Problem details: Each record below should be returned word for word, with no pictures included.

(Captioned web images)
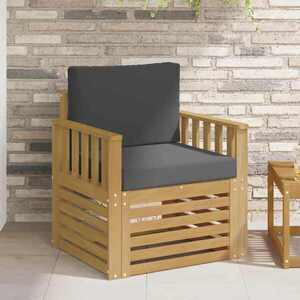Imagine vidaXL 2 Bucată Set de canapele de exterior Poliester Alb și Antracit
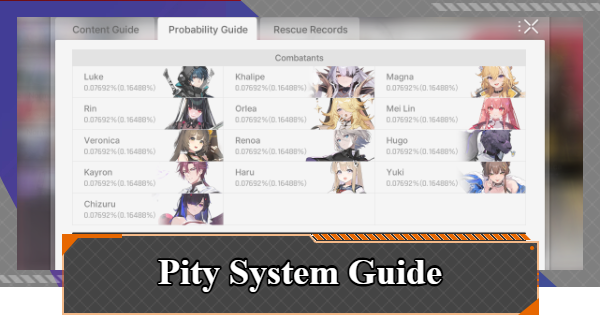 Chaos Zero Nightmare | Pity System Guide  - Drop Rates and Probabilities | CZN - GameWith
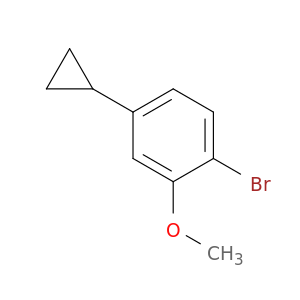 1-溴-4-环丙基-2-甲氧基苯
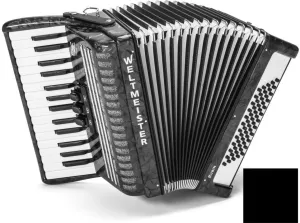 Weltmeister Rubin 30/60/II/3 MT Black Piano accordion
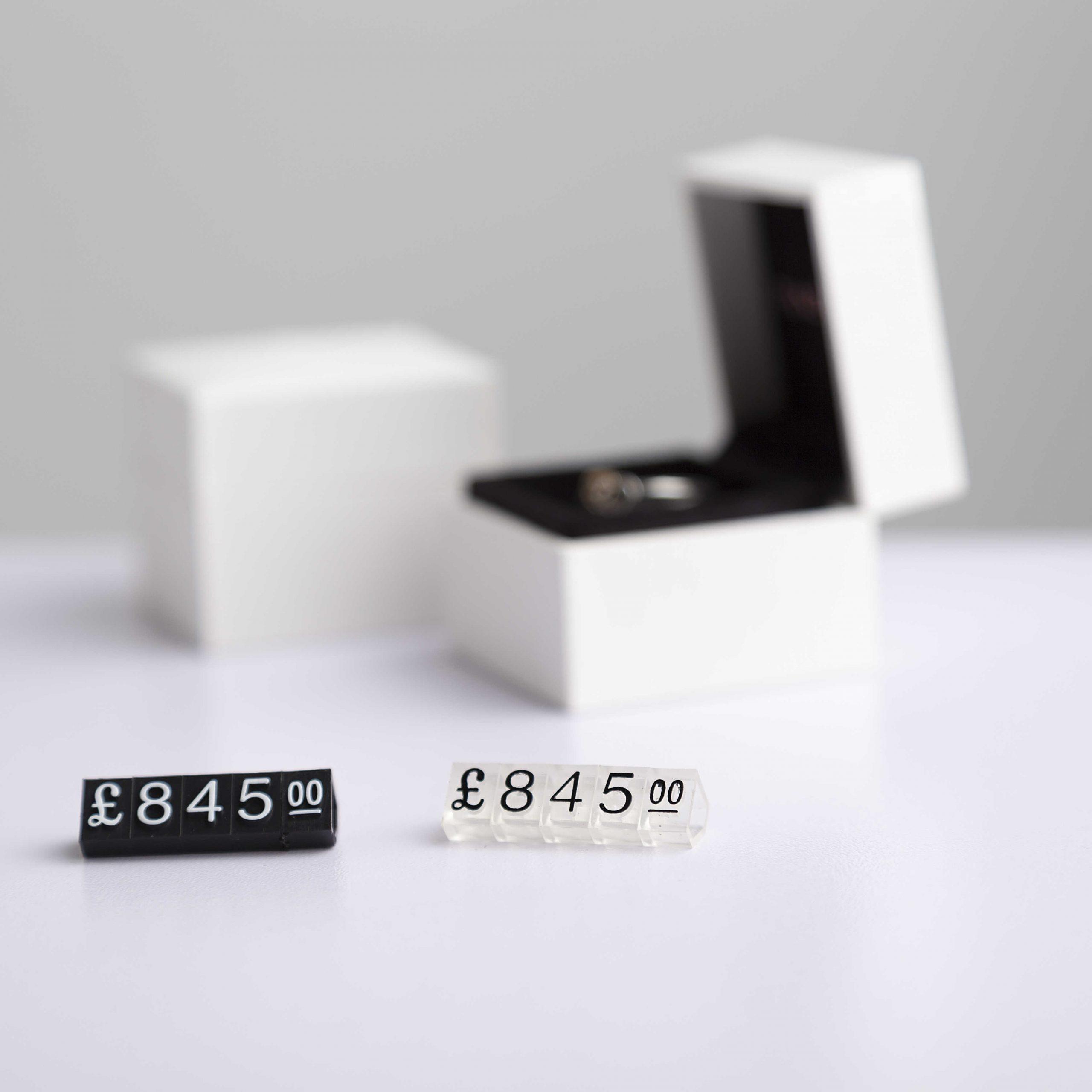 Product Large Price Cubes Kit For Shops | The Display Centre image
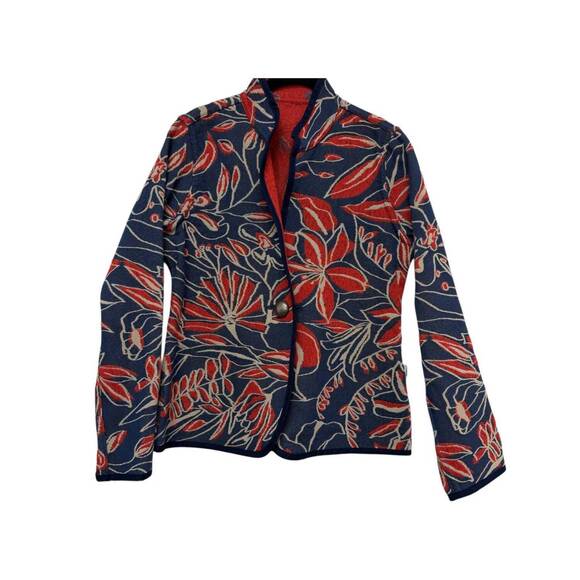 NEW TRIMDIN women's artisan classic jacket in red/blue
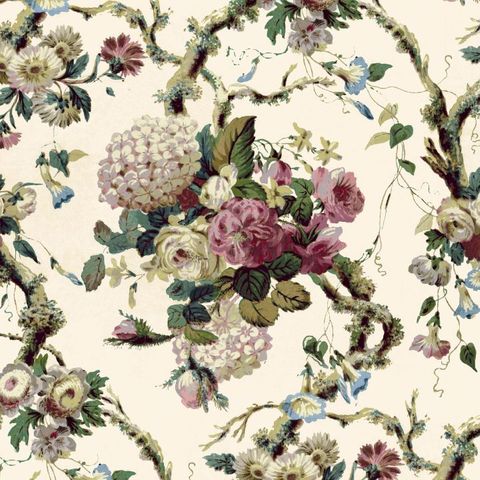 V&A Georgette Rose Upholstery Fabric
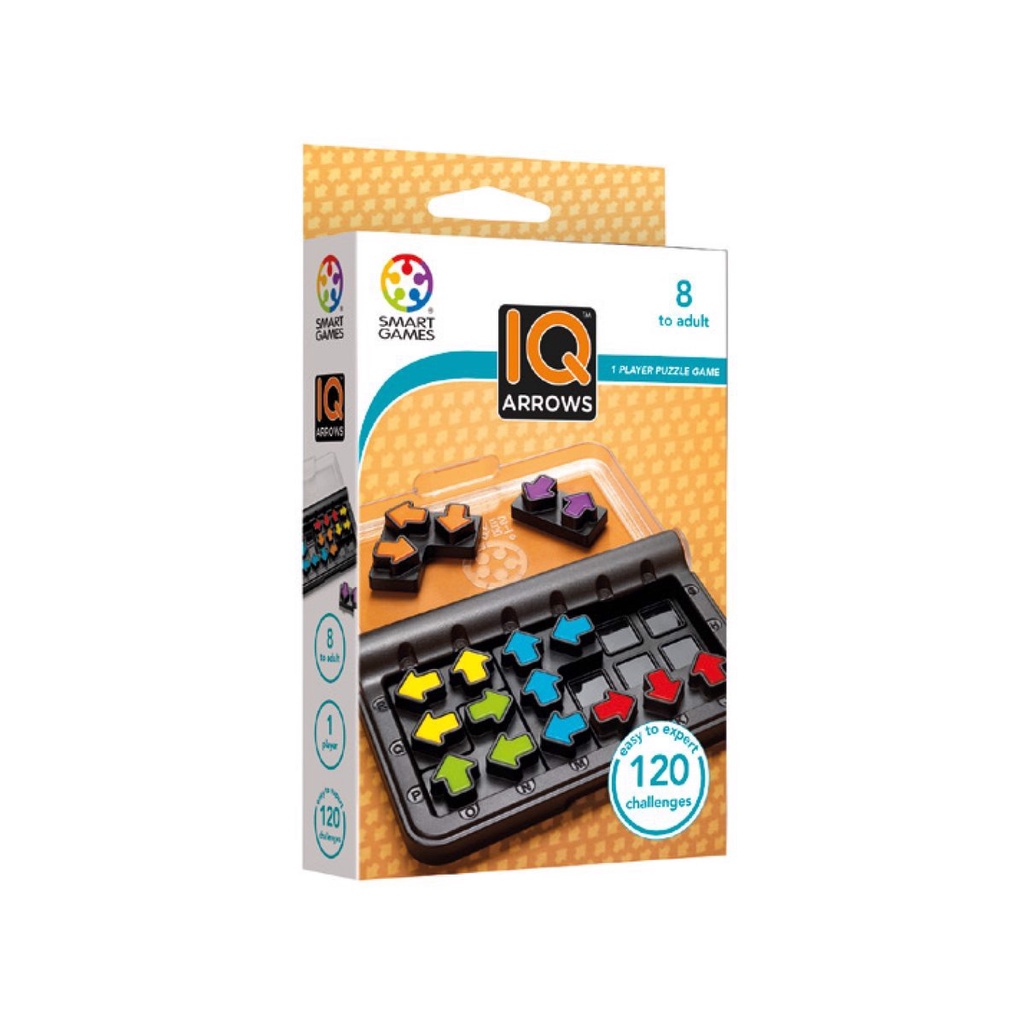[HÀNG CHÍNH HÃNG] Đồ chơi xếp hình trí tuệ Smart Games IQ Puzzler Arrow - Boardgame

Response area:
Imagine vidaXL 2 Bucată Set de canapele de exterior Poliester Alb și Antracit
 Chaos Zero Nightmare | Pity System Guide  - Drop Rates and Probabilities | CZN - GameWith
 1-溴-4-环丙基-2-甲氧基苯
 Weltmeister Rubin 30/60/II/3 MT Black Piano accordion
 Product Large Price Cubes Kit For Shops | The Display Centre image
 NEW TRIMDIN women's artisan classic jacket in red/blue
 V&A Georgette Rose Upholstery Fabric
[HÀNG CHÍNH HÃNG] Đồ chơi xếp hình trí tuệ Smart Games IQ Puzzler Arrow - Boardgame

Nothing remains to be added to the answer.